Нам же христианство досталось не только на 5–6 веков позже, но еще и на одном из южнославянских наречий, известном у нас как церковнославянский язык (отличается от древнерусского). В итоге вплоть до XVIII в. мы варились в своем соку. И только в XVIII в. у нас появились первые университеты, а заодно и латынь, общение на которой прекратилось лишь в начале XIX в., когда наша элита заговорила на основных европейских языках. Отсутствие научной коммуникации и очень слабая (почти отсутствовавшая) своя наука – вот причина нашей традиционной отсталости. В XIX в. мы бросились догонять Европу и многое успели. Однако сегодня нужно помнить, что тогдашними законами каждый российский университет обязывали (и выделяли средства) несколько лучших выпускников каждого факультета отправлять на два года на стажировку в германские университеты.

Теперь вернемся к языку, но не к латыни, а к английскому. Английский сегодня в науке – это тогдашняя латынь. Кто его не знает, тот отрезан от современной науки, тот не может реально быть ученым. В советские времена отделы переводов были едва ли не во всех КБ. Сегодня их нет. И это вновь сигнал нашим властям: учить надо детей английскому языку в школе – всех учить, со 2-го класса и помногу, чтобы все (а не желающие, коих набирается едва 20%) сдавали ЕГЭ по английскому языку. Немая страна не может иметь инновационную экономику.

Теперь снова о наших университетах и рейтингах. У нас почти нет исследований в вузах, а то, что есть, несопоставимо с американскими (или английскими, теперь уже и с китайскими) университетами. Это главный сигнал властям. Выделение из сотен вузов нескольких национальных исследовательских университетов (НИУ) – верный шаг. Но у них должны быть сопоставимые с западными университетами (пусть не с Гарвардом) бюджеты и эндаументы, чтобы можно было не раз в 20 лет обновить серверы и компьютеры, а закупить все электронные базы данных, лаборатории, отправлять на двухлетние стажировки лучших выпускников и т. д. Но с последними нужно заключать контракты: в XIX в. их обязывали потом 10 лет отработать в своих университетах.

Есть ли все это сейчас хотя бы у НИУ? Нет (это «нет» № 4, причем решающее). Хотелось бы обратить внимание на один настораживающий исторический факт. Весь XIX век и до середины XX в. ведущей мировой научной державой была Германия. В 1945 г. это ее свойство исчезло. И уже не восстановилось никогда! Этот факт должен нас насторожить и заставить сделать куда более серьезные выводы, чем мы делали до сих пор. Тогда можно начать наш путь в международные рейтинги. А сегодня мы только и можем, что доказывать, что нас неправильно «посчитали». Да правильно нас считают, как всех остальных! Не надо помогать мнению о том, что у нас и так все хорошо (якобы). В том-то и дело, что не хорошо. И столько студентов нам не нужно (оставили уже промышленность без синих воротничков). И столько вузов нам не нужно. И большинство филиалов нужно санировать. Прорва денег идет на имитацию высшего образования. Надо научиться быть хозяевами в нашем университетском хозяйстве. А государству – куда более серьезным инвестором в университетскую науку.

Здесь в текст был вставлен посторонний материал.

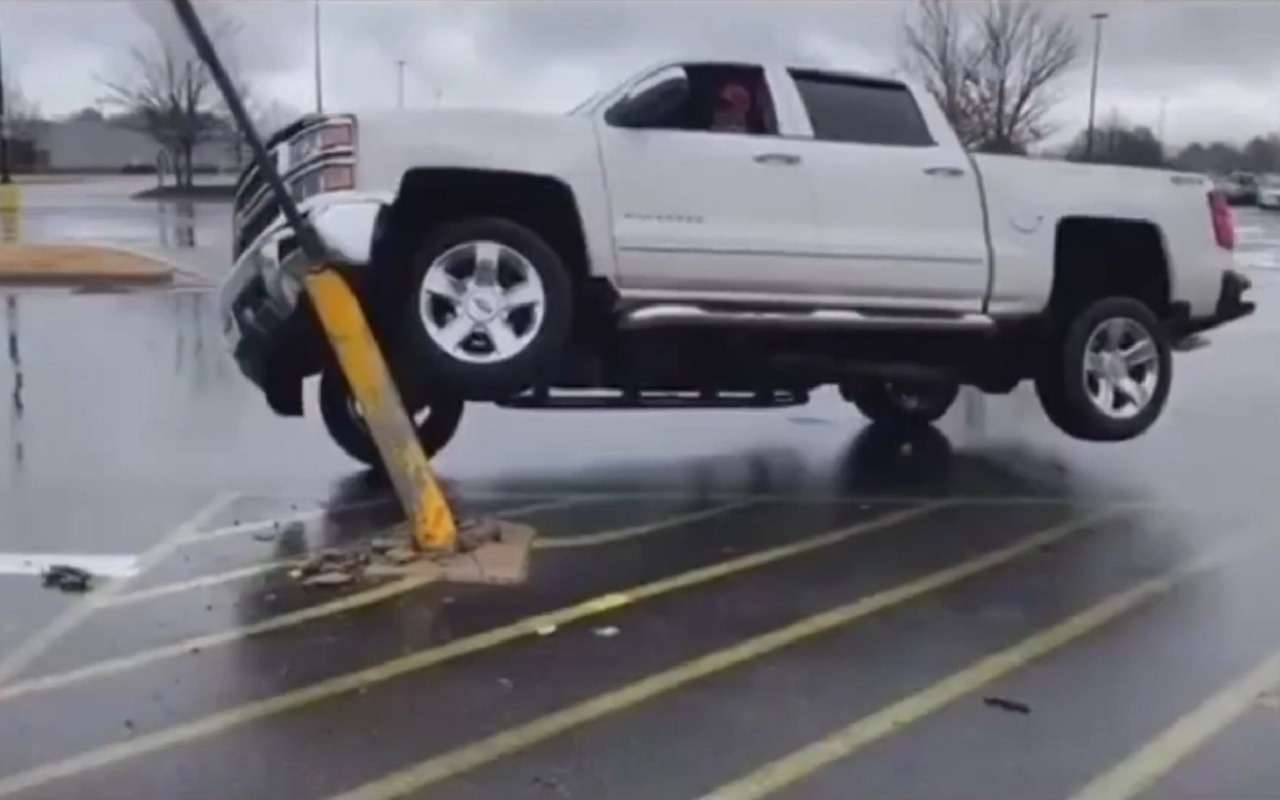 Внедорожники - это весело. Подборка невероятных ситуаций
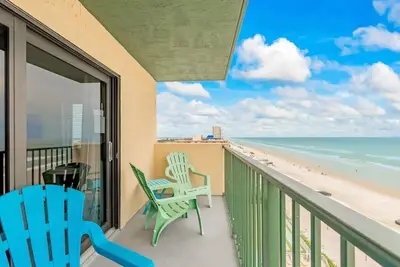 Image de Breathtaking Views, Heated Pool & Beach Access!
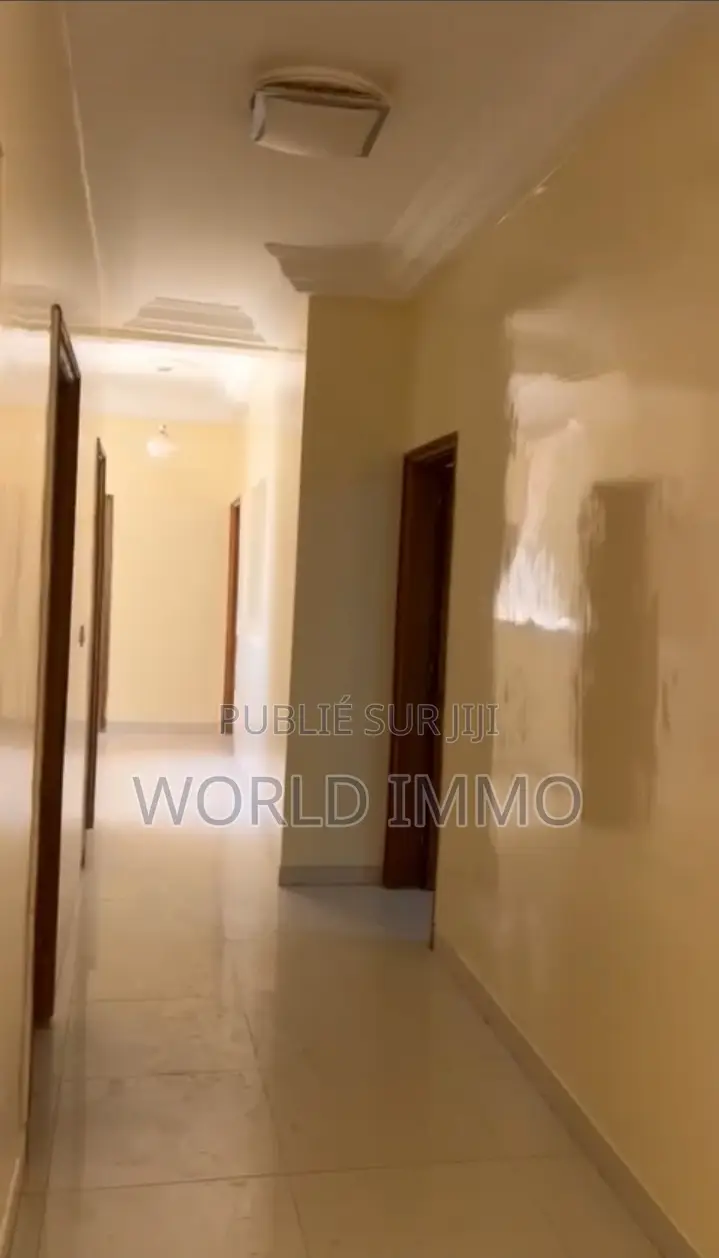 3chbre Appartement dans Lappart, Ngor à Louer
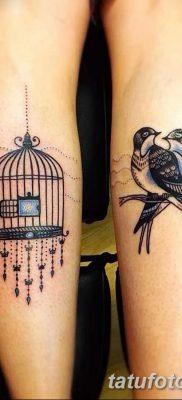 fotó a madár és a ketrec tetoválásáról, kelt 2017. 08. 16 -án №041 - Tetovált madár és ketrec_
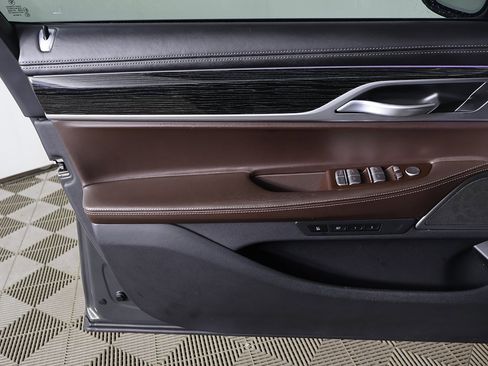 Used 2021 BMW 740i xDrive w/ Premium Package image 26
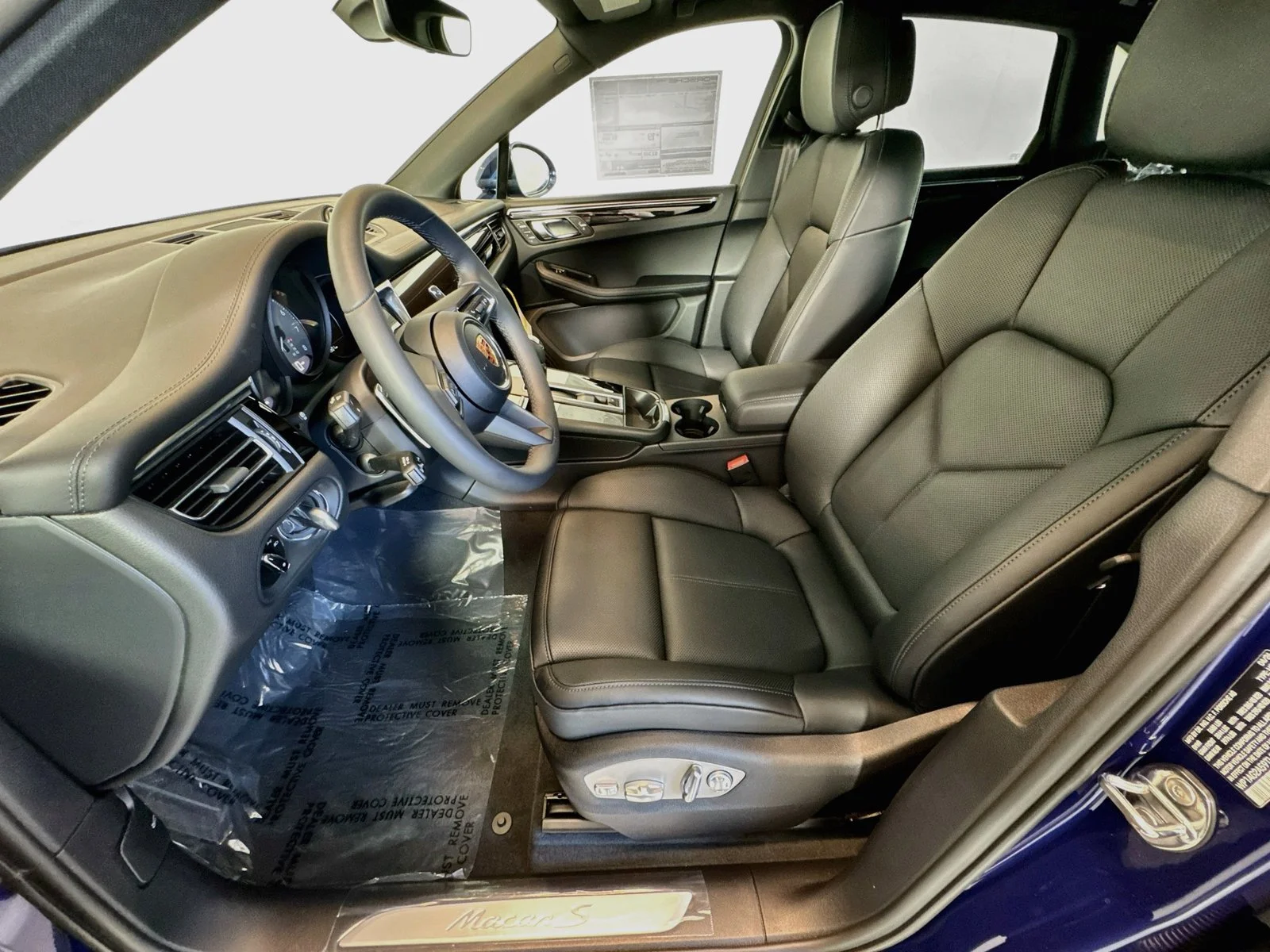 New 2026 Gentian Blue Metallic Porsche S image 5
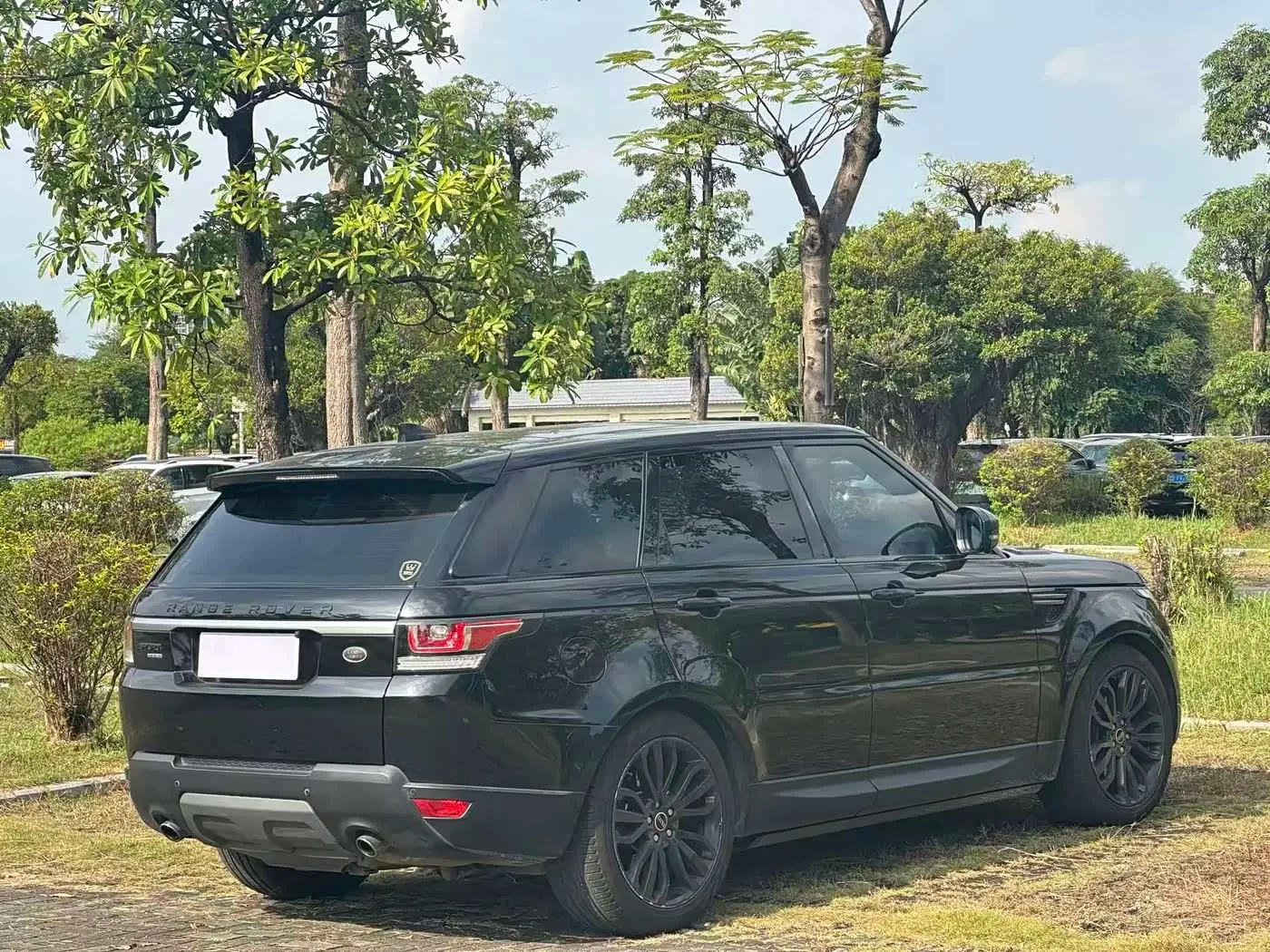 Land Rover Range Rover Sport 2017 — Фото 9/9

Но пока нужно создать свою национальную систему рейтингования наших университетов, учитывающую критерии развития науки и коммерциализации ее результатов и качество образования. Так, чтобы все видели «кто есть кто», а не жили с наивным доверием к старым брендам. Но создавать такую систему должны независимые эксперты, а не ректорский корпус.